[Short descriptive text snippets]
***
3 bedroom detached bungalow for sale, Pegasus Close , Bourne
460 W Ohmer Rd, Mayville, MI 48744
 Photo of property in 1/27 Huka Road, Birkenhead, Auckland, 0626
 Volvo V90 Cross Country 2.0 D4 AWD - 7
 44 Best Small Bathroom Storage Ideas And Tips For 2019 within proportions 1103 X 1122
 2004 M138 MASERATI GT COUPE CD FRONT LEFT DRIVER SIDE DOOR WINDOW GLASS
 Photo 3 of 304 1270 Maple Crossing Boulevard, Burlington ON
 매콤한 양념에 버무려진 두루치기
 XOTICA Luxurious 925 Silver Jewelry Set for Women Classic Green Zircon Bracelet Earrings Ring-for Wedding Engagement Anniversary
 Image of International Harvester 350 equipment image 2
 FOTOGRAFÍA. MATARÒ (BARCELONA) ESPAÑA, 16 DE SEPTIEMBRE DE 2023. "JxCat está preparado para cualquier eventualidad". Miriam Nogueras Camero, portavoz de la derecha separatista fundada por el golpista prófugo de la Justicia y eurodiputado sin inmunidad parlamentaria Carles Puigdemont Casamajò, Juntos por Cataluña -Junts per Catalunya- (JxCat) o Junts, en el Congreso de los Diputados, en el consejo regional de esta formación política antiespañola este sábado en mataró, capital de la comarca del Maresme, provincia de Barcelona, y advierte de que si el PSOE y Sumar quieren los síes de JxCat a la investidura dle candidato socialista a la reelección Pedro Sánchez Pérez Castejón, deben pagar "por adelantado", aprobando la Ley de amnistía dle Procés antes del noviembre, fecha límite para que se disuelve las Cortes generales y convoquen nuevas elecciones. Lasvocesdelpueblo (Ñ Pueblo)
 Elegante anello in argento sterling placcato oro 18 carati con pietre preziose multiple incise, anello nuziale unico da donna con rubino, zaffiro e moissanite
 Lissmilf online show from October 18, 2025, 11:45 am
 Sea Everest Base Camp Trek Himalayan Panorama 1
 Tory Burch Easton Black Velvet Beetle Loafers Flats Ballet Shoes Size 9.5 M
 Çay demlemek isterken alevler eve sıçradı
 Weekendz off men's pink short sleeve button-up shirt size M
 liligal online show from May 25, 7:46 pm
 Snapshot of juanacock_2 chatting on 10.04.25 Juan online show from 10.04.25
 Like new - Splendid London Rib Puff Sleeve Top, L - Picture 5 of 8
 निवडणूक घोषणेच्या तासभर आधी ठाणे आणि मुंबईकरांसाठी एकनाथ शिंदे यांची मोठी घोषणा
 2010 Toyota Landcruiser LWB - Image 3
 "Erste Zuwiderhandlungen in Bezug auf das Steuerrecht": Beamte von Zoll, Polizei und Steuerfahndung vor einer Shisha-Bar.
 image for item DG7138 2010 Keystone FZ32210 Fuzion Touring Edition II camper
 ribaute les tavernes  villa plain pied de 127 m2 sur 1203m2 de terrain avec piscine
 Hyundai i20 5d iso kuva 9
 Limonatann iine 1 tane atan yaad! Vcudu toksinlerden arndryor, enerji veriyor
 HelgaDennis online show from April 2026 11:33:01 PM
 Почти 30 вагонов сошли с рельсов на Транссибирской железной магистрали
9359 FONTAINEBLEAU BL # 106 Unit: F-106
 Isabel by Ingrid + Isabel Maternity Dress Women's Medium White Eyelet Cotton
***
Above are several records. Count the lines among them that contain "Women" and give only the total.

- _OUTPUT OF THE TASK_
2